Zum kirchlichen Recht, das im so genannten Codex Iuris Canonici (CIC) zusammengefasst ist, gehört auch der Bereich des kirchlichen Straf- und Prozessrechts. Dieses soll das Heil der Gläubigen, aber auch die innere und äußere Ordnung der Kirche schützen. Dieses Strafrecht ersetzt aber nicht das staatliche Strafrecht, sondern ergänzt dieses um die innerkirchliche Dimension. Die beiden Gerichtsbarkeiten stehen nicht in Konkurrenz, sondern in einer Koexistenz. Seit einigen Jahren werden auch solche Handlungen oder Unterlassungen mit einer kirchlichen Strafsanktion bedroht, die staatliche Untersuchungen bei Verdacht auf sexuellen Missbrauch zu beeinflussen oder zu umgehen versuchen.

Ein kirchliches Strafverfahren soll feststellen, ob eine nach kirchlichem Recht strafbare Handlung begangen wurde und wie diese zu ahnden ist.

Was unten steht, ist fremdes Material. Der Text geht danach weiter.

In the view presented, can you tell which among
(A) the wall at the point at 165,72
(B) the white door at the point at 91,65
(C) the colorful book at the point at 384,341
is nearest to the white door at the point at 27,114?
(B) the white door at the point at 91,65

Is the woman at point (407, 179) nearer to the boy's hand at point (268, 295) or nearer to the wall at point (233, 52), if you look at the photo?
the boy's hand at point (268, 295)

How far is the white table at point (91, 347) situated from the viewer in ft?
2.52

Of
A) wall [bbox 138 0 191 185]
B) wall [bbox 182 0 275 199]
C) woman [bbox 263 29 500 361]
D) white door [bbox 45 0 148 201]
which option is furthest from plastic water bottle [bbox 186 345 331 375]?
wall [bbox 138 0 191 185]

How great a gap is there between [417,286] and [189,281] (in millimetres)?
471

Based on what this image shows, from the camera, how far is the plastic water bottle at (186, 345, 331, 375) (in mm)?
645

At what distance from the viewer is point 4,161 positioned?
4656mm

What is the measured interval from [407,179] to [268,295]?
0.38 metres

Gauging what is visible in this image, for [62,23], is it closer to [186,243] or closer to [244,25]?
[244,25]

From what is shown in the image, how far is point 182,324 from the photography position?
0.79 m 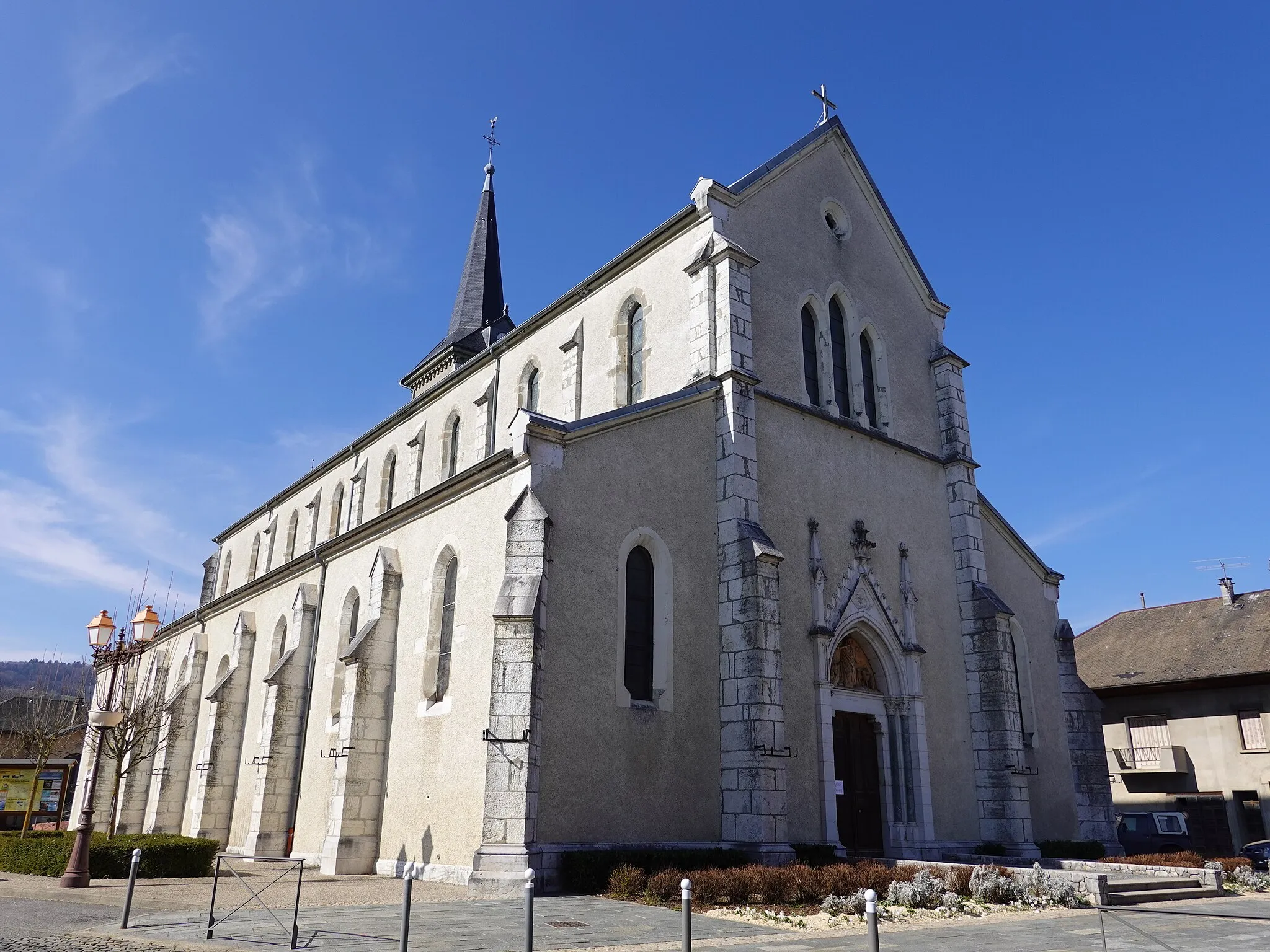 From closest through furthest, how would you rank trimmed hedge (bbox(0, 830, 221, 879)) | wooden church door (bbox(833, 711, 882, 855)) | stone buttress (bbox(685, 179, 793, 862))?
1. stone buttress (bbox(685, 179, 793, 862))
2. trimmed hedge (bbox(0, 830, 221, 879))
3. wooden church door (bbox(833, 711, 882, 855))

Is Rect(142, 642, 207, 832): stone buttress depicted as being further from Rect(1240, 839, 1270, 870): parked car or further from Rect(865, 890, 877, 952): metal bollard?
Rect(1240, 839, 1270, 870): parked car

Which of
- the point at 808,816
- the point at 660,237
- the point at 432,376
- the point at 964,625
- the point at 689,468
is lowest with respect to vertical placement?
the point at 808,816

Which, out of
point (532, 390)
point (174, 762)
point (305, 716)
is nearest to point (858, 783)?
point (532, 390)

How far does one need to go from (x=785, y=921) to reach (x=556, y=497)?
6.89 meters

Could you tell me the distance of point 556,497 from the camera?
47.5ft

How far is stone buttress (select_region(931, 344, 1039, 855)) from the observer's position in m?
18.6

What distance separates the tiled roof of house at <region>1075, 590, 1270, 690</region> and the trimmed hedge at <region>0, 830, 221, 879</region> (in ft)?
91.3

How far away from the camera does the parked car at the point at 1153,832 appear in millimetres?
25047

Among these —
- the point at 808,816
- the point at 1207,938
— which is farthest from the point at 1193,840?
the point at 1207,938

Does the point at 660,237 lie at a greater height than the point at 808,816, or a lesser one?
greater

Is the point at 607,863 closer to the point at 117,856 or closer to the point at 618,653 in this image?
the point at 618,653

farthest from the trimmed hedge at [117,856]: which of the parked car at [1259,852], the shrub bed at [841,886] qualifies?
the parked car at [1259,852]

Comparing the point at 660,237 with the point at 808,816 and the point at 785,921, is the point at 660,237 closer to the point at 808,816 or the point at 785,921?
the point at 808,816

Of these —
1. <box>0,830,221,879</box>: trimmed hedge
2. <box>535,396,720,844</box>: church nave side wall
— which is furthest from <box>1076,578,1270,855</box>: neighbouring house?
<box>0,830,221,879</box>: trimmed hedge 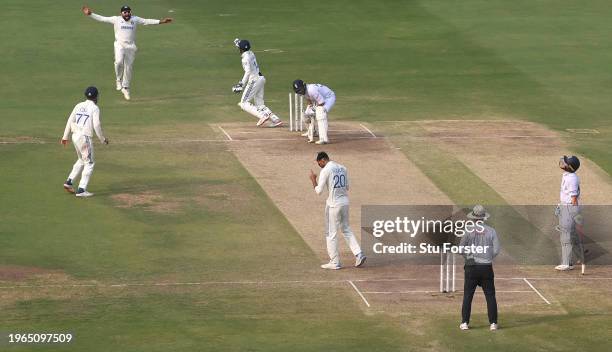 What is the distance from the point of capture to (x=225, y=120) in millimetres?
38750

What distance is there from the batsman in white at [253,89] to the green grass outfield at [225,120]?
4.14ft

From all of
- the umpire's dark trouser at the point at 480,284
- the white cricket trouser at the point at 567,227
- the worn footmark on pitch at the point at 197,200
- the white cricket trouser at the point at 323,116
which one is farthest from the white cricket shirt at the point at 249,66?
the umpire's dark trouser at the point at 480,284

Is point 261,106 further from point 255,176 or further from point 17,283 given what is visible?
point 17,283

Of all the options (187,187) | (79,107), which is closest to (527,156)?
(187,187)

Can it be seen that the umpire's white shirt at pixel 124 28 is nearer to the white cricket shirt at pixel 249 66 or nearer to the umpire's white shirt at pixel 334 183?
the white cricket shirt at pixel 249 66

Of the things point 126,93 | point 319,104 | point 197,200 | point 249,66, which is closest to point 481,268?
point 197,200

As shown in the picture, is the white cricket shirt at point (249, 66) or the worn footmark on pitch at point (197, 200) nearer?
the worn footmark on pitch at point (197, 200)

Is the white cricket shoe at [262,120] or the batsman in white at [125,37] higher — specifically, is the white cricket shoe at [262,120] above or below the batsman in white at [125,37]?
below

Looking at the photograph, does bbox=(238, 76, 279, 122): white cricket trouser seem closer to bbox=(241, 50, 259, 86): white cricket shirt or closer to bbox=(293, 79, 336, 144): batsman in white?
bbox=(241, 50, 259, 86): white cricket shirt

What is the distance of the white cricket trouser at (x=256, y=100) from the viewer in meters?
37.4

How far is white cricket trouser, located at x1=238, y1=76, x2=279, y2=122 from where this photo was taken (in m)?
37.4

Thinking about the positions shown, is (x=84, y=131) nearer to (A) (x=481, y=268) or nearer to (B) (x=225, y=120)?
(B) (x=225, y=120)

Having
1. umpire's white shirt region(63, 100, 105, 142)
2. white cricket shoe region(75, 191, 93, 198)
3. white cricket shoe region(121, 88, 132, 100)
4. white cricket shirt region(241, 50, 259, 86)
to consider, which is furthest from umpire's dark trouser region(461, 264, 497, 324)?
white cricket shoe region(121, 88, 132, 100)

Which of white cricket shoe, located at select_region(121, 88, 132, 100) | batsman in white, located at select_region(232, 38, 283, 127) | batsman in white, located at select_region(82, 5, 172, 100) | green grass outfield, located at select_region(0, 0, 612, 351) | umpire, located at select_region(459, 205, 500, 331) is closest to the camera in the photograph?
umpire, located at select_region(459, 205, 500, 331) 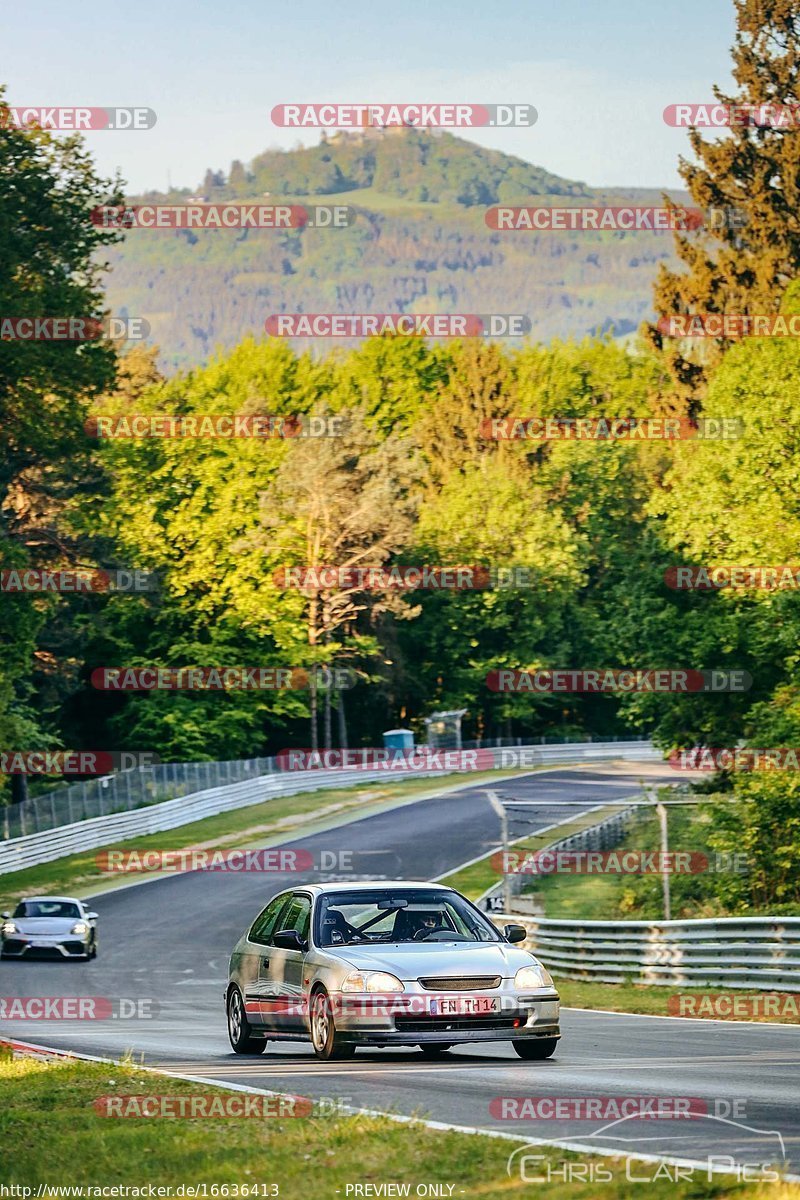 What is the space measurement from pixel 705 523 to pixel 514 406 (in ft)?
179

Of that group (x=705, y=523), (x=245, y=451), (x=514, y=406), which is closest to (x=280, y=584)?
(x=245, y=451)

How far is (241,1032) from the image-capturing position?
15.7 meters

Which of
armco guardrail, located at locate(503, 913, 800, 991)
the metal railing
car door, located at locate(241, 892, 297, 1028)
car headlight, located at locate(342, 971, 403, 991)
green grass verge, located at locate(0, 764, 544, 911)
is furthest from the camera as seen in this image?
the metal railing

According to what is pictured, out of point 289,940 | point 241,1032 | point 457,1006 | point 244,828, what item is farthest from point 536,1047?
point 244,828

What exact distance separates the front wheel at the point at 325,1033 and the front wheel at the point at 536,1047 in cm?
129

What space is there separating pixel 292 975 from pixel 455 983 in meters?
1.78

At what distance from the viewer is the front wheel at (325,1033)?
1383 centimetres

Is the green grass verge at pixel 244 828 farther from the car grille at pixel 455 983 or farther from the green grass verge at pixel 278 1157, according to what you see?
A: the green grass verge at pixel 278 1157

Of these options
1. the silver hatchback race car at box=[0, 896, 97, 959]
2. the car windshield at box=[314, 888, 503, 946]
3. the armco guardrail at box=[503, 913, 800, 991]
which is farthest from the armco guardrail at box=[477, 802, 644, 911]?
the car windshield at box=[314, 888, 503, 946]

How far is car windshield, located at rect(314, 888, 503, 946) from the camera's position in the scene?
47.8 feet

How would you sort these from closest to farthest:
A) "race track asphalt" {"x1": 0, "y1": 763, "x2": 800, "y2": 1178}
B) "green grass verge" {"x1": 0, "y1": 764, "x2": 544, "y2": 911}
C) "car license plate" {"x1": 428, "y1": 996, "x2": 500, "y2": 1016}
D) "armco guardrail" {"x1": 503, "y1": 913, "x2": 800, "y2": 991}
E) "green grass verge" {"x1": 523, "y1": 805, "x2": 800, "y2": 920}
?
1. "race track asphalt" {"x1": 0, "y1": 763, "x2": 800, "y2": 1178}
2. "car license plate" {"x1": 428, "y1": 996, "x2": 500, "y2": 1016}
3. "armco guardrail" {"x1": 503, "y1": 913, "x2": 800, "y2": 991}
4. "green grass verge" {"x1": 523, "y1": 805, "x2": 800, "y2": 920}
5. "green grass verge" {"x1": 0, "y1": 764, "x2": 544, "y2": 911}

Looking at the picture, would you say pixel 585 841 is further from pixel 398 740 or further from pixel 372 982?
pixel 398 740

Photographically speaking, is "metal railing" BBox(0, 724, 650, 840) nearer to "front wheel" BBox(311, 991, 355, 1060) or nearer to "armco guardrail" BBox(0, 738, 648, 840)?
"armco guardrail" BBox(0, 738, 648, 840)

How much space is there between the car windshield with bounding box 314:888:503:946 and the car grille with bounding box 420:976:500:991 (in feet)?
3.00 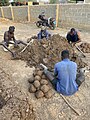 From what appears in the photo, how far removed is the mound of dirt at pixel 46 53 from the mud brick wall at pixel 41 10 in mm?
7428

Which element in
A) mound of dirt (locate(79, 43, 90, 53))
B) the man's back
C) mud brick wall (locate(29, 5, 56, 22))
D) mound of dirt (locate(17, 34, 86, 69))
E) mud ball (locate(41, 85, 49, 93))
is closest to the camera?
the man's back

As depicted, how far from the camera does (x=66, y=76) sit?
451 centimetres

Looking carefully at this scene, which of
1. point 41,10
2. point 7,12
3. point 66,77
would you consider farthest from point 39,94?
point 7,12

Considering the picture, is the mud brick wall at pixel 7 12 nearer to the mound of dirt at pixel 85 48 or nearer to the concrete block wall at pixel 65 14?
the concrete block wall at pixel 65 14

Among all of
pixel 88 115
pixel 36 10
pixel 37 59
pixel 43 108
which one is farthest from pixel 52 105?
pixel 36 10

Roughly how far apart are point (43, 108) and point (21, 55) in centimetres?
252

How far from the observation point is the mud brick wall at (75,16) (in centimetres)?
1169

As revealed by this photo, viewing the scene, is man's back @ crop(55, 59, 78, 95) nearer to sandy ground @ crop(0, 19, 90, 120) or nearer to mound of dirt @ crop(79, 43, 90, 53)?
sandy ground @ crop(0, 19, 90, 120)

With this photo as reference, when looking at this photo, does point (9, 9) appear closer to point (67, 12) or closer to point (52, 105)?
point (67, 12)

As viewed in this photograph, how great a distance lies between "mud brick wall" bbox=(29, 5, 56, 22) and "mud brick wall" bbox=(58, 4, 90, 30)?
764 millimetres

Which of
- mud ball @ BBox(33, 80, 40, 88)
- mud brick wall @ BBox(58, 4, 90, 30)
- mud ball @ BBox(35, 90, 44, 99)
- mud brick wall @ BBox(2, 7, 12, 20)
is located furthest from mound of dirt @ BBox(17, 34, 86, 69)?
mud brick wall @ BBox(2, 7, 12, 20)

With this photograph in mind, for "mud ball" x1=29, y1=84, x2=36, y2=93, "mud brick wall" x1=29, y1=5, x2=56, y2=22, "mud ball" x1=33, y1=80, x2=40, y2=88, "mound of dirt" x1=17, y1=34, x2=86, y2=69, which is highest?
"mud brick wall" x1=29, y1=5, x2=56, y2=22

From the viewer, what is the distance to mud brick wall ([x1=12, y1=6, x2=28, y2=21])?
53.0 feet

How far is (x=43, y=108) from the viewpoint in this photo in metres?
4.40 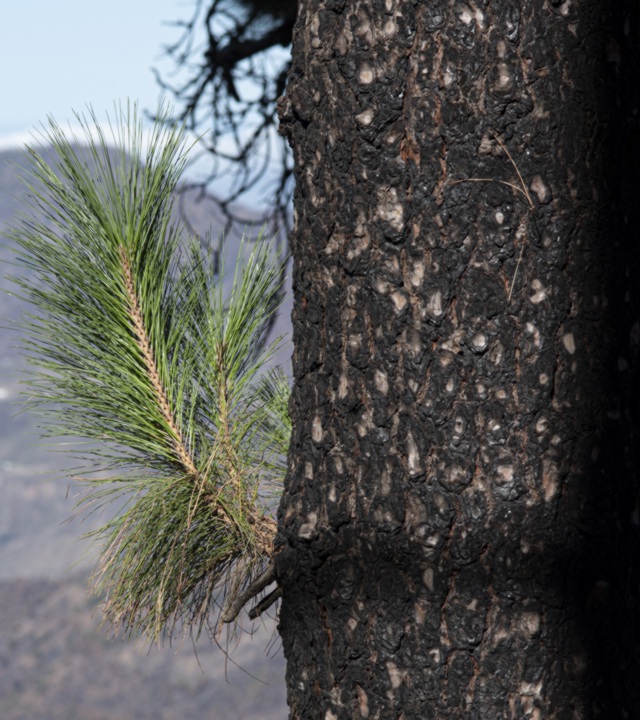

Beim Begehen einer Straftat können Beugestrafen, etwa ein Ausschluss von Rechten und Pflichten in der  Kirche (Exkommunikation) oder ein Verbot der Ausübung von Ämtern und Aufgaben  (Suspension) verhängt werden, die vor allem auf die Besserung des Täters oder der Täterin abzielen. Es können auch Sühnestrafen auf Dauer, auf bestimmte oder unbestimmte Zeit verhängt werden, darunter insbesondere die Entlassung aus dem Klerikerstand. Die Wiederherstellung der Gerechtigkeit steht hierbei als Ziel an erster Stelle.

Bei sexualisierter Gewalt geht es im staatlichen Recht um sexuelle Handlungen gegenüber Personen, die aus bestimmten Gründen besonders schutzwürdig sind, und die in die sexuellen Handlungen nicht oder nur eingeschränkt einwilligen können, geschützt wird die sexuelle Selbstbestimmung. Im kirchlichen Strafrecht wird dieser Begriff nicht verwendet, sondern von Straftaten gegen das sechste Gebot des Dekalogs („Du sollst nicht die Ehe brechen.“) gesprochen, die als Straftaten gegen die besonderen Verpflichtungen eines Klerikers, aber auch als Straftaten gegen Leben, Würde und Freiheit des Menschen gesehen werden. Die Formulierung der „Straftaten gegen das sechste Gebot des Dekalogs“ wird in der kirchlichen Tradition nicht nur auf den Ehebruch, sondern auf den gesamten Bereich der menschlichen Geschlechtlichkeit bezogen. Sie zielt daher auf jedes kirchlich strafrechtlich relevante sexuelle Fehlverhalten und ist deshalb unter Umständen weiter gefasst als entsprechende staatliche Regelungen. Somit können Straftaten unterhalb der Schwelle der staatlichen Strafbarkeit im kirchlichen Strafrecht durchaus belangt werden. Sexualisierte Gewalt durch Kleriker an Minderjährigen unter 18 Jahren bzw. an Personen mit habituell eingeschränktem Vernunftgebrauch wird als schwerwiegendere Straftat qualifiziert, deren strafrechtliche Ahndung der zuständigen Behörde im Vatikan vorbehalten ist. Das Gleiche gilt ausdrücklich auch für den Erwerb, die Aufbewahrung oder Verbreitung pornografischer Bilder von Minderjährigen durch Kleriker.

Kleriker können bei einer Straftat gegen das sechste Gebot des Dekalogs mit einem Minderjährigen, bei Verführung oder Verleitung von Minderjährigen zur Teilnahme an oder Umsetzung von pornographischen Darstellungen und bei Erwerb, Aufbewahrung oder Verbreitung pornographischer Bilder von Minderjährigen mit der Amtsenthebung und anderen Strafen belegt werden. Ist der Fall besonders schwerwiegend, kann die Entlassung aus dem Klerikerstand erfolgen. Auch andere Gläubige können bei Begehen dieser Straftaten bestraft werden. Mögliche Strafen sind etwa Geldstrafen, die Einschränkung der Ausübung von Rechten oder der Entzug von kirchlichen Ämtern, Aufgaben, Diensten, Funktionen oder Tätigkeiten.